### Assignment
Nothing but the lines below from the one with "Helukabel H07BQ-F Anschlussleitung" through the one with "Ontbijten in de" should be output, each exactly as given, and no pictures.
··· Records
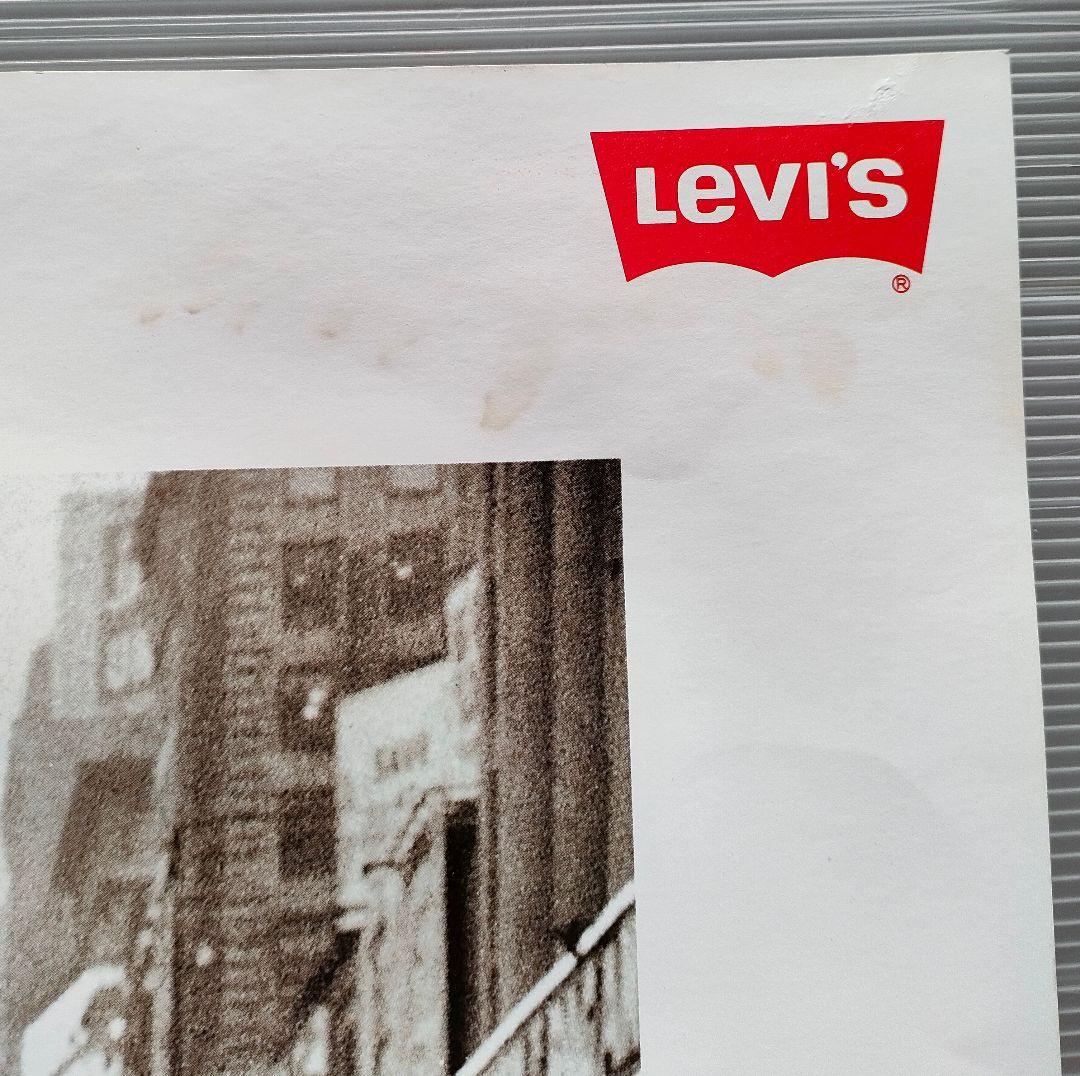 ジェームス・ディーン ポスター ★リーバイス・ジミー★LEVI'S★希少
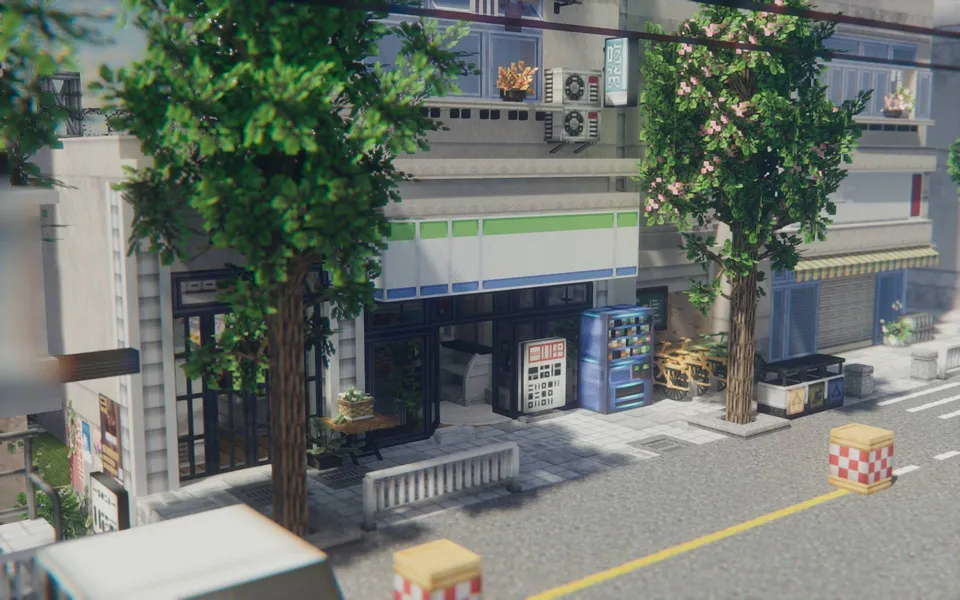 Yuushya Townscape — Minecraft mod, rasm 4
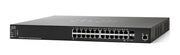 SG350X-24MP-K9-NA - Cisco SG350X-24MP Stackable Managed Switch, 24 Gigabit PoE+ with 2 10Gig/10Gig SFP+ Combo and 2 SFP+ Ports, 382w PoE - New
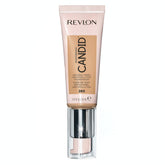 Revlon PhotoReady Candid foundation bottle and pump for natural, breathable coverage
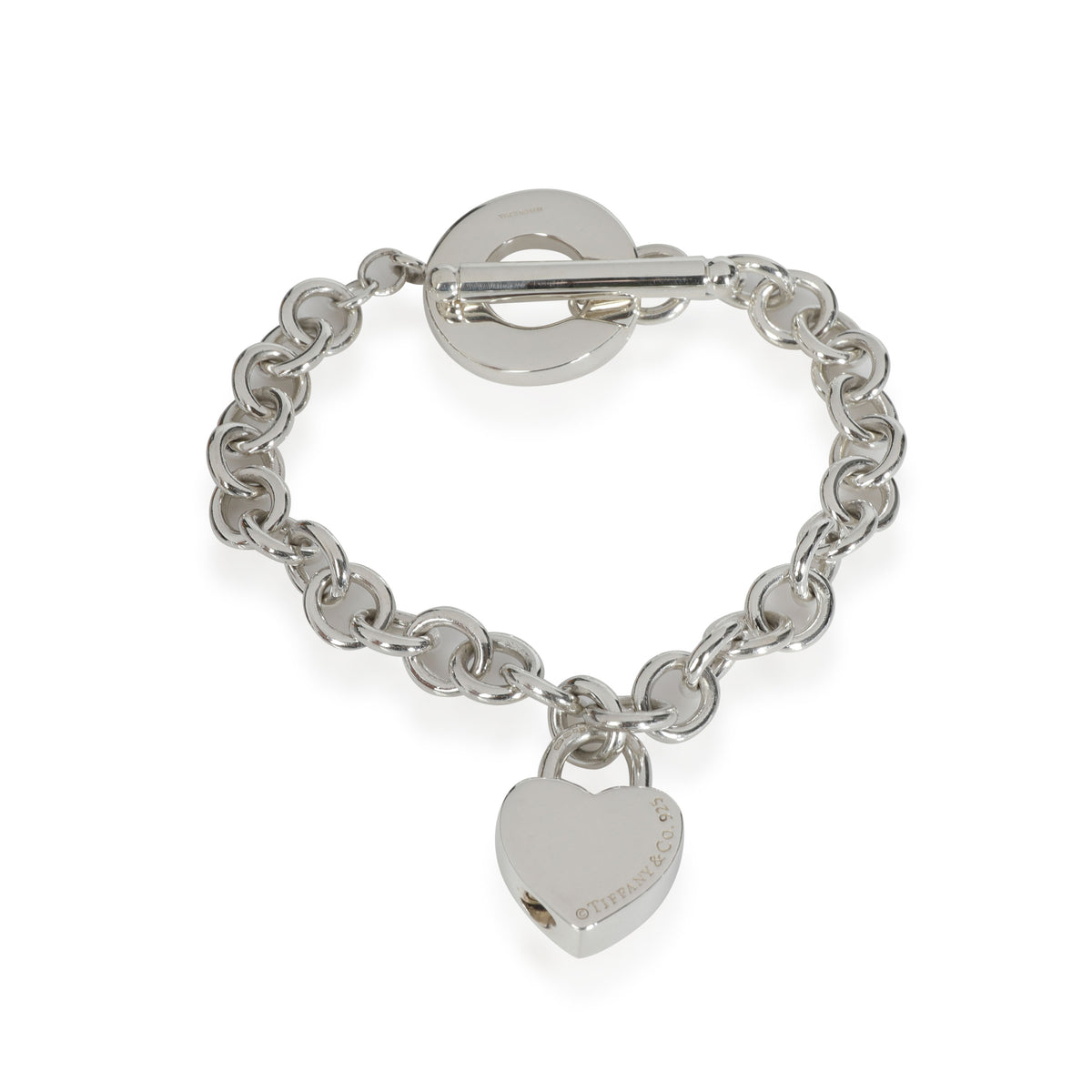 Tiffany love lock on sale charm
······
··· Records
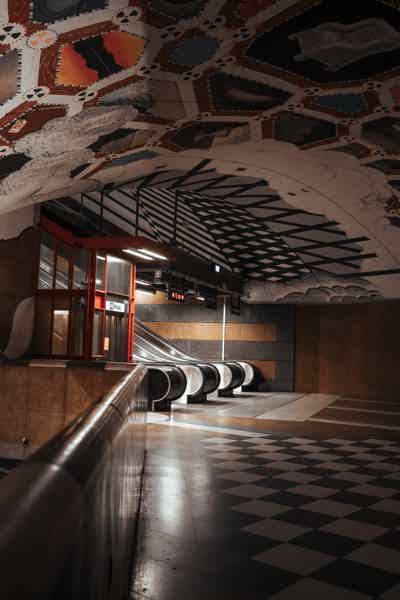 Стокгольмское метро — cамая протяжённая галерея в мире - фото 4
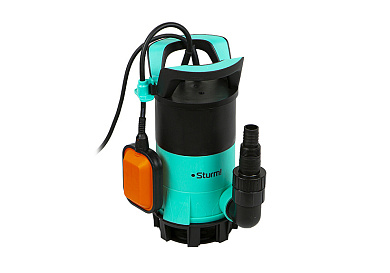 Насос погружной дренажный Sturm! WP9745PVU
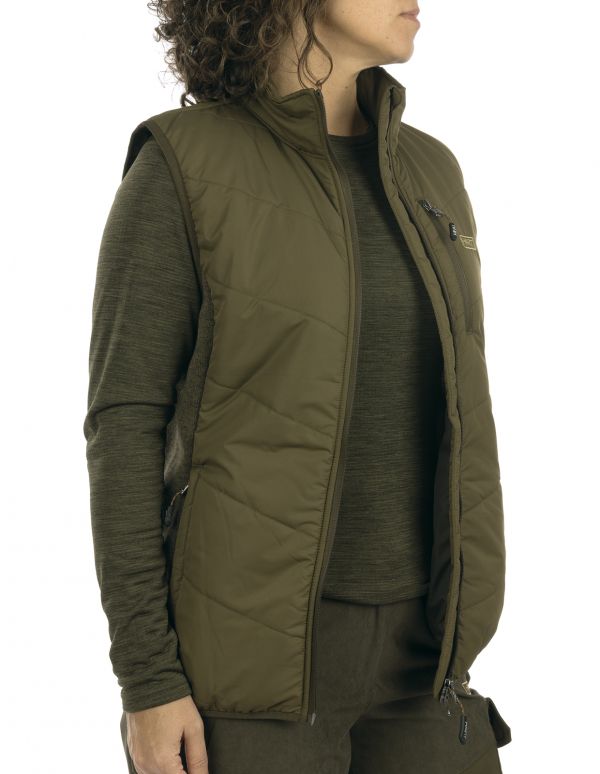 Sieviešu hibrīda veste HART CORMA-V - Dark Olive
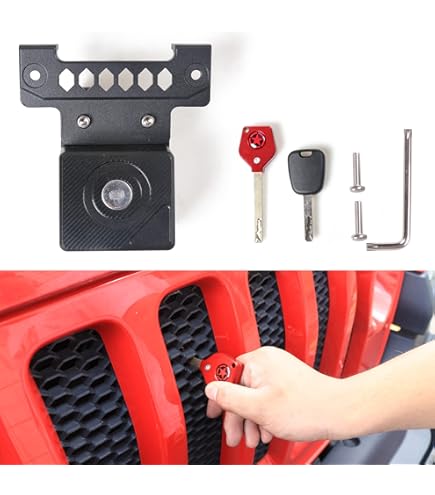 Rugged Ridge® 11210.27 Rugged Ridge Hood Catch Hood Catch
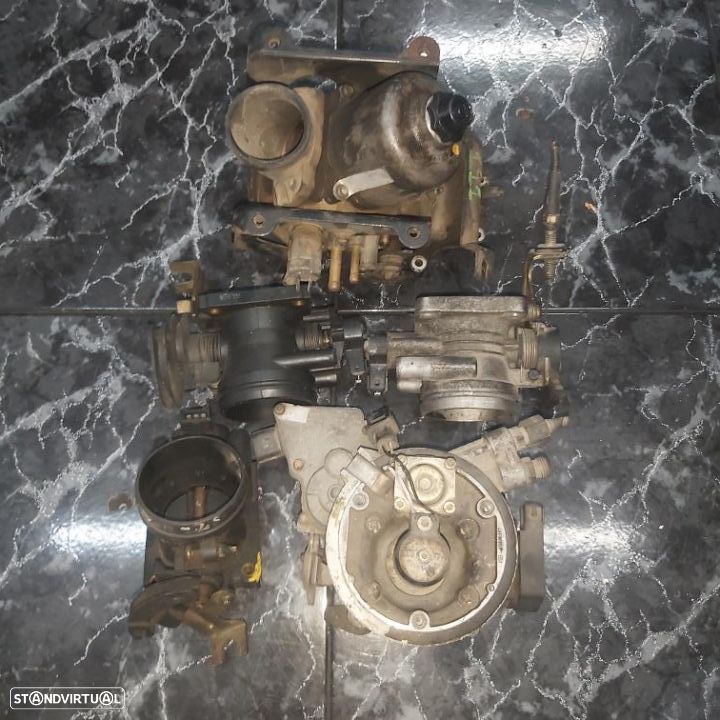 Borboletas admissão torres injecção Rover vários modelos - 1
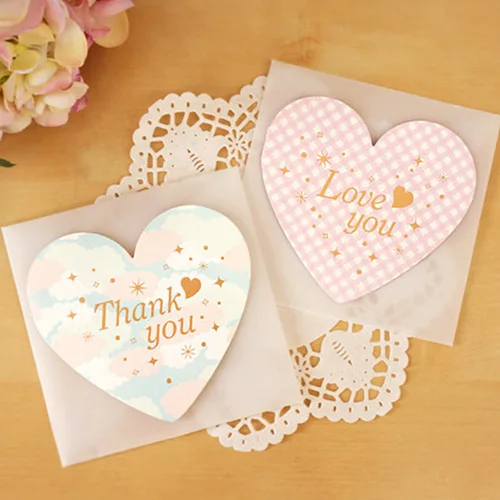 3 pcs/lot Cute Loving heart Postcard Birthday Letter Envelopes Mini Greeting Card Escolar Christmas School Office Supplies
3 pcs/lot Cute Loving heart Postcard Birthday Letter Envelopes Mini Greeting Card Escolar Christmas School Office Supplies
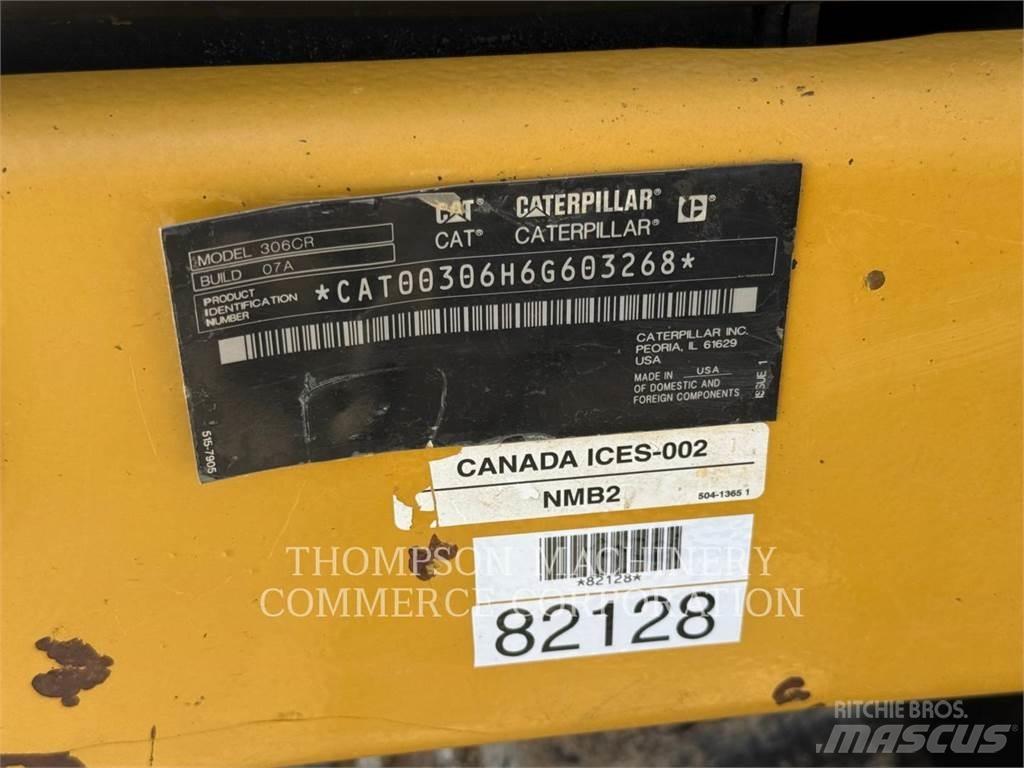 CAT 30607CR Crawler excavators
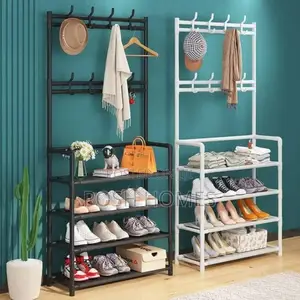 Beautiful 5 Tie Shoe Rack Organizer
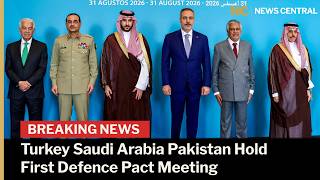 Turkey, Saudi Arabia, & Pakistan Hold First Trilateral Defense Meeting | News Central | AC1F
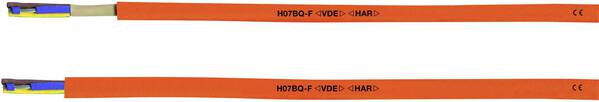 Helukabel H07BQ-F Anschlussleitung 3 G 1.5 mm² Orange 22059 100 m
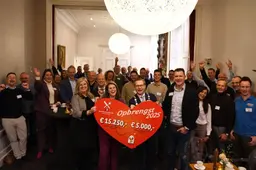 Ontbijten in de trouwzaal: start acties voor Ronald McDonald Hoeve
······
### Solution to this task
 Helukabel H07BQ-F Anschlussleitung 3 G 1.5 mm² Orange 22059 100 m
 Ontbijten in de trouwzaal: start acties voor Ronald McDonald Hoeve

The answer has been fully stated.